Speaking of beans... I LOVE this painting of beans and lentils by my favorite new Parisian artist, Lucille. Click over to her blog to check it out: click here! There seems to be no end to her wonderful watercolors, collages and drawings of food. Super inspiring.

What's for lunch? Black Beans!

While this may not be the prettiest lunch I've ever eaten it was exactly what I needed to get through a rough day at the office. Working to meet a deadline meant no lunch break, no time for a snack and then staying two hours late. The good part? I never got hungry. Oliver's homestewed black beans and tomatoes kept my mind focused and my belly full for eleven straight hours of work. Thank goodness for fiber!

Even so, I am ready for today to be over. That means a short post tonight so I can move on to cuddling up next to Oliver and watching a Netflix (Bridesmaids). Good things are in the works though. The etsy shop is set to open this weekend, Oliver is currently cooking a delicious smelling vegetarian curry and I have a very exciting cholesterol update to share!

What's for lunch? Pinto beans!

In an earlier post I explained my weekday breakfast goal is to eat a cereal high in fiber, low in sugar and made of real food ingredients. My goal for weekday lunches is just as simple: beans or greens. Beans means a bowl of homestewed black or pinto beans. Greens is a salad of spinach or arugula (depending on the season).

It's true what the kids say: beans, beans they're good for the heart. So today I'll highlight a few of the reasons beans make the MVP list of heart healthy eating.

1. Beans are an excellent source of cholesterol-lowering, heart diease preventing, fiber! In fact "a cup of cooked pinto beans provides 58% of the recommended daily intake for fiber". 
2. That same cup of beans fulfills 23% of a body's daily need for magnesium. What does magnesium do for the heart? It "improves the flow of blood, oxygen and nutrients throughout the body. Studies show that a [lack] of magnesium is...associated with heart attack". (Full article here: WH Foods)
3. One cup of pintos also provides 73% of the recommended daily intake for folate. Top 5 Health Benefits of Folate (Folic Acid) listed here
4. Besides, your colon just loves pinto beans! My Dad would refer to them as "roughage". (As in, "You need to make sure you're eating enough roughage".)

Beans! The more you eat the better you'll feel. Beans, beans - well maybe not at EVERY MEAL - but how about four times a week? Your body will thank you (but your significant other may not).

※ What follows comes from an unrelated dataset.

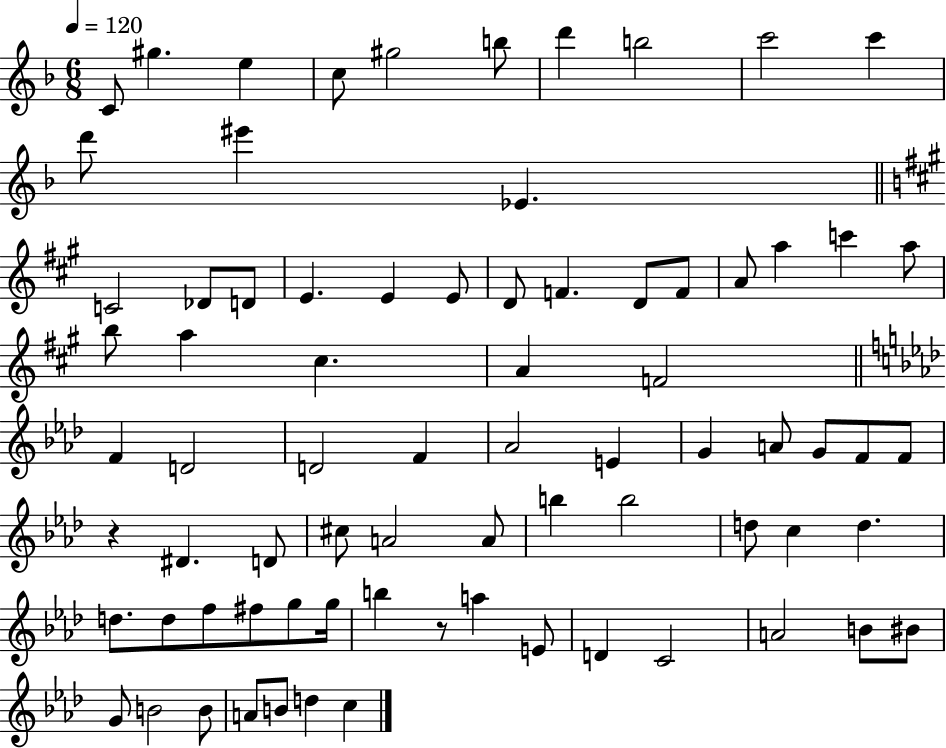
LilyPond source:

Side note: A pot of stewed beans is a very cheap meal that requires four hours of stewing and returns many days of eating. We purchase our dried beans in quart containers from YDFM. Costs about $2.50. Stewing them is a day long process. (Historically stew day coincides with wash day, Monday, and the left over meat carcus from Sunday's meal). A big pot will make more then enough for Oliver and I to eat Tuesday through Friday as lunch. By Saturday we're both tired of them and what's left tends to be thrown out. Picking up a bag Vigo beans and rice at the grocery is a tempting alternative but high sodium content counters some of the health benefits.